[Directions] An exact copy of every record, with no pictures, please.

Records from a data source:
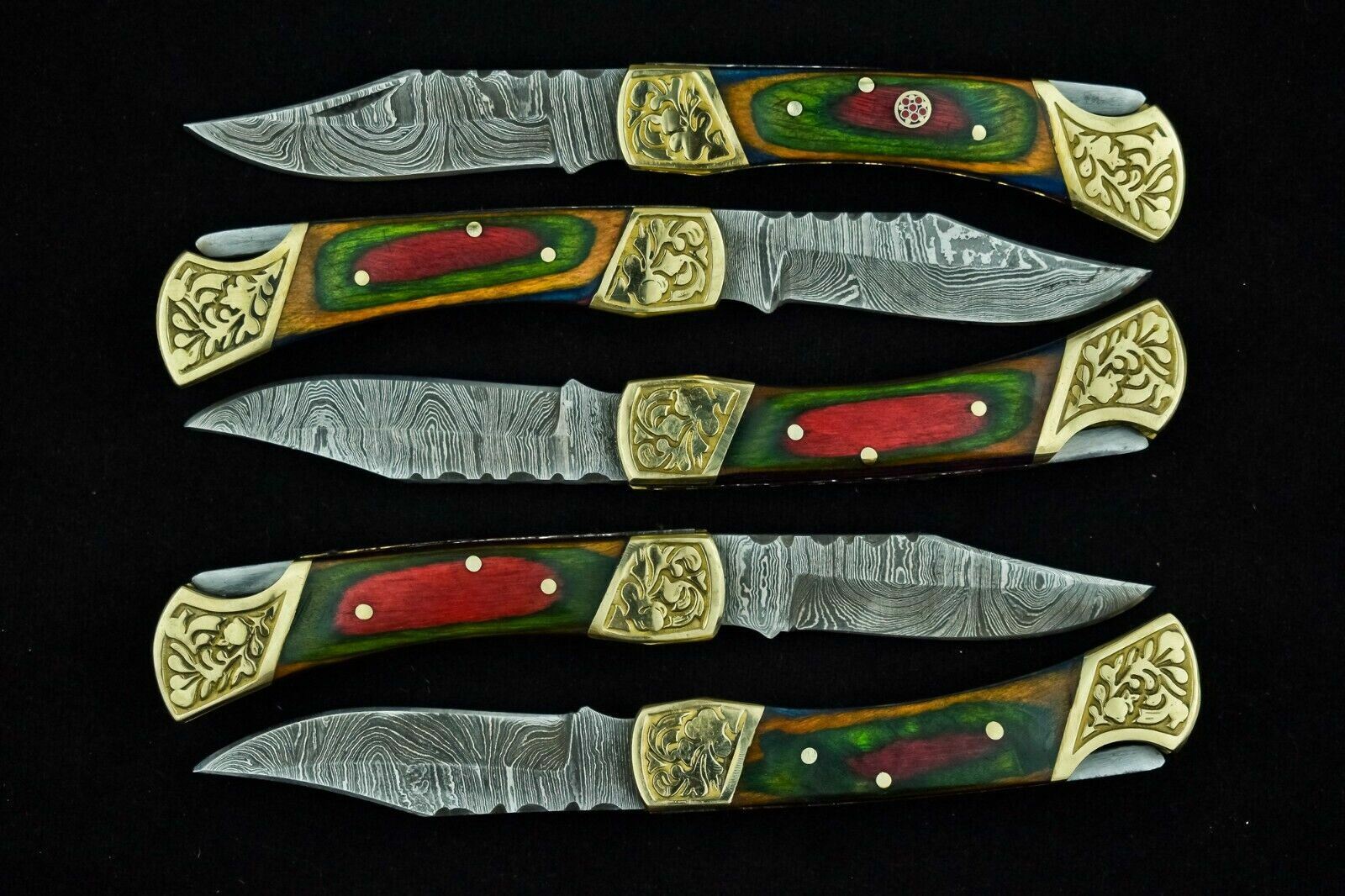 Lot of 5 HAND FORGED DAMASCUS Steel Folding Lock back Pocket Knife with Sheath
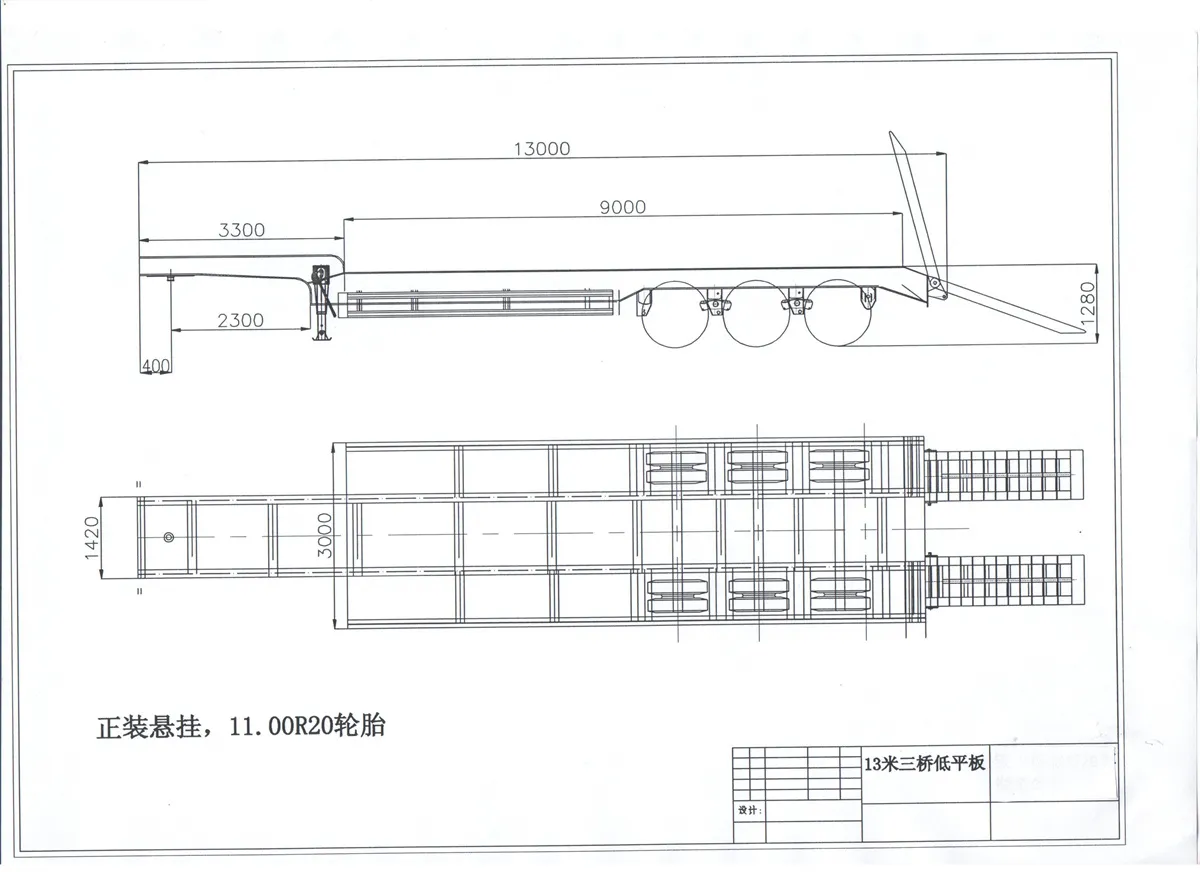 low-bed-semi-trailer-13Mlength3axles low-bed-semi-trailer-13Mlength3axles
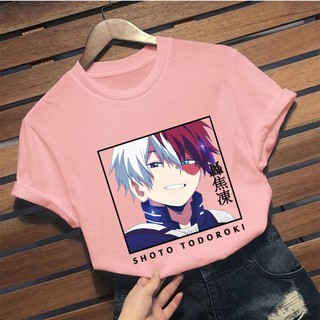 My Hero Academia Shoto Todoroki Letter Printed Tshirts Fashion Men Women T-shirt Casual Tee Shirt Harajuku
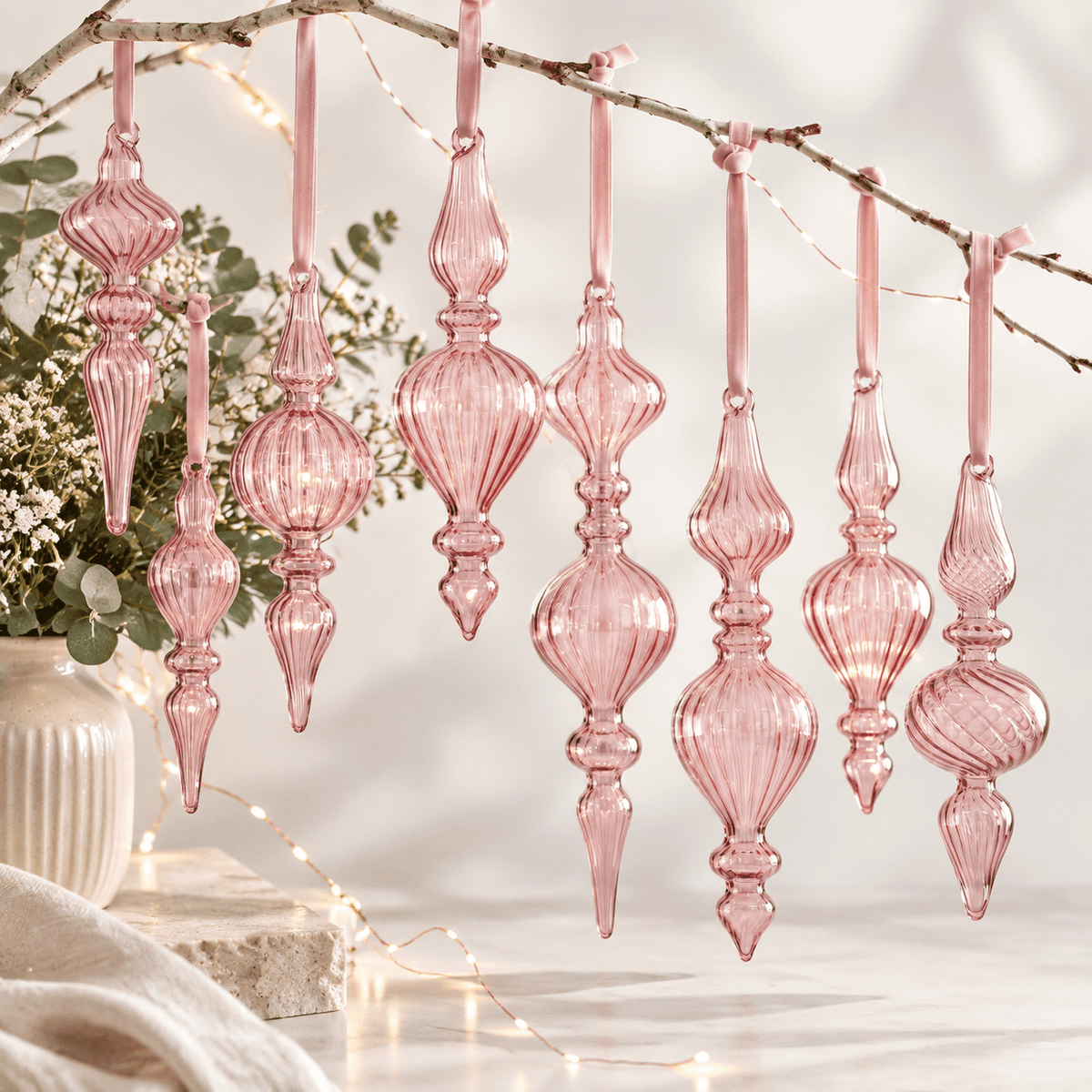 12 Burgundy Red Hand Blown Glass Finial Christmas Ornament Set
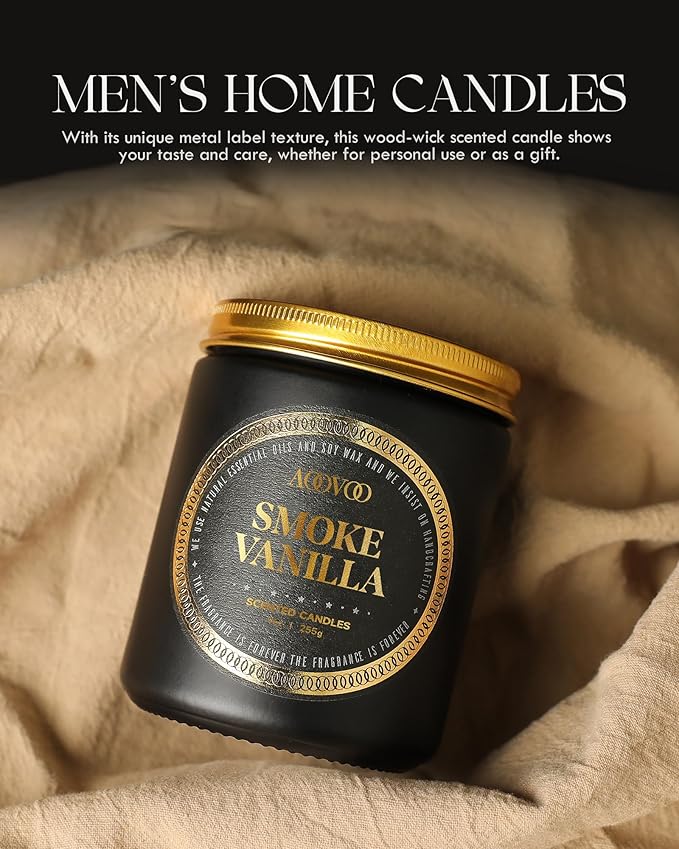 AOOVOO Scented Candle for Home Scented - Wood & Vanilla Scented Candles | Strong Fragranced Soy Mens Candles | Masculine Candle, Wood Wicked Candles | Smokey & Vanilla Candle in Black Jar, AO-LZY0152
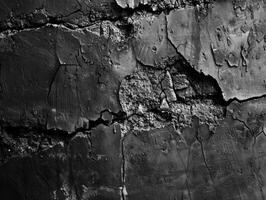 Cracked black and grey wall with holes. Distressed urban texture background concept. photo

[Response box]
 Lot of 5 HAND FORGED DAMASCUS Steel Folding Lock back Pocket Knife with Sheath
 low-bed-semi-trailer-13Mlength3axles low-bed-semi-trailer-13Mlength3axles
 My Hero Academia Shoto Todoroki Letter Printed Tshirts Fashion Men Women T-shirt Casual Tee Shirt Harajuku
 12 Burgundy Red Hand Blown Glass Finial Christmas Ornament Set
 AOOVOO Scented Candle for Home Scented - Wood & Vanilla Scented Candles | Strong Fragranced Soy Mens Candles | Masculine Candle, Wood Wicked Candles | Smokey & Vanilla Candle in Black Jar, AO-LZY0152
 Cracked black and grey wall with holes. Distressed urban texture background concept. photo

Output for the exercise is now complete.